Joseph has declined to comment on his personal situation regarding the Canadian Olympic team ever since Martin Brodeur was promoted to the No. 1 goaltender over him, beginning with the second game of the Salt Lake tournament.
But those close to Joseph say he was bitterly disappointed not to get another start after Canada's opening 5-2 loss to Sweden. Quinn had said one of his plans was to give Joseph two starts in the preliminary round, but that went out the window when Joseph struggled against Sweden.
Brodeur started against Germany, as planned, and then started the final game of the round robin against the Czech Republic. Brodeur played so well in the Czech game that he became the obvious choice as the starter the rest of the way.

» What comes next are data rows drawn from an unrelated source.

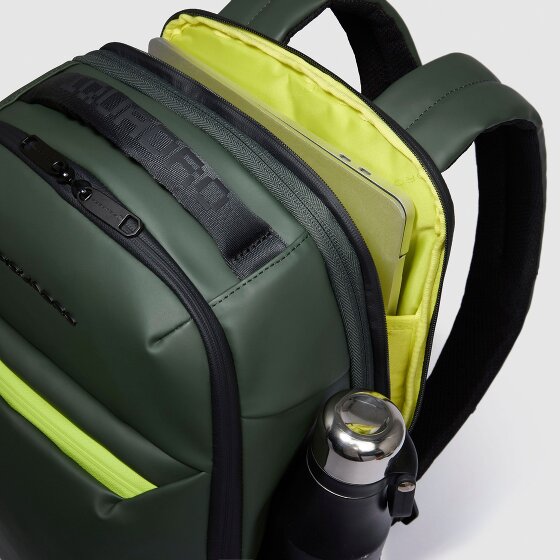 Piquadro Corner Special Business-Rucksack 39 cm Laptopfach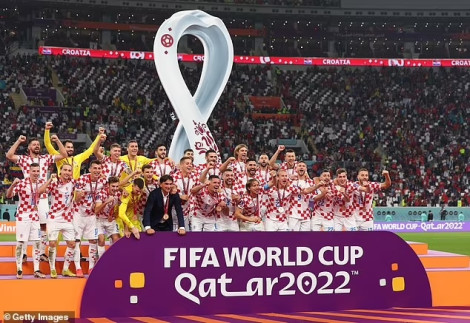 Thắng Ma-rốc 2-1, Croatia đoạt Huy chương Đồng World Cup 2022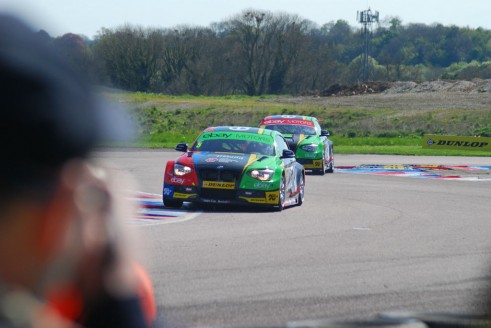 BTCC 2014 Thruxton - BMW - carwitter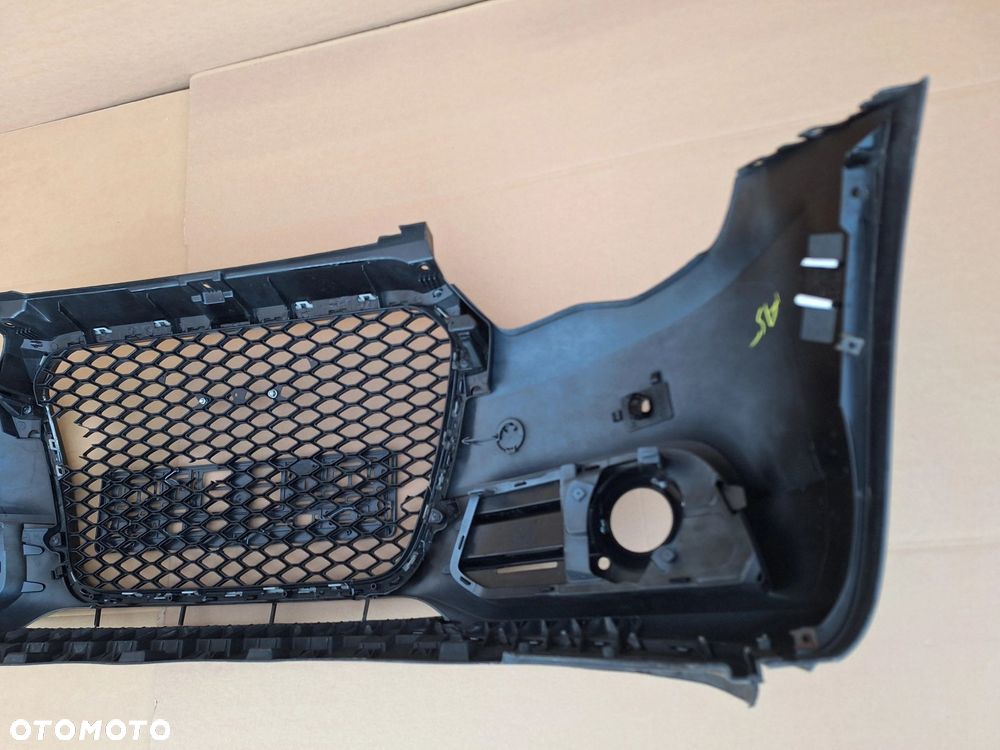 AUDI A1 10-14 8X0 ZDERZAK PRZÓD PRZEDNI+PŁYTA DOLNA 8X0807437 8X0807436 WYSYŁKA 24H - 11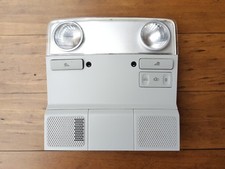 VW GOLF MK5 / JETTA / PASSAT B6 B7 FRONT INTERIOR LIGHT - GENUINE (GREY)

However, sources close to Joseph say he was promised the Czech start and was extremely unhappy that he didn't get it. Joseph is a proud man and fierce competitor and wanted that start to prove he could be the top goaltender.
Since Joseph is not one to forget a slight, many believe this could result in his departure from the Leafs when he becomes an unrestricted free agent. One thing Joseph could do is demand a trade before the NHL trade deadline in March.
Among the teams that might be looking for a goaltender are the Philadelphia Flyers and St. Louis Blues.
Quinn said Brodeur became the No. 1 goalie for a variety of reasons and implied he was hoping a gold medal would ease Joseph's disappointment.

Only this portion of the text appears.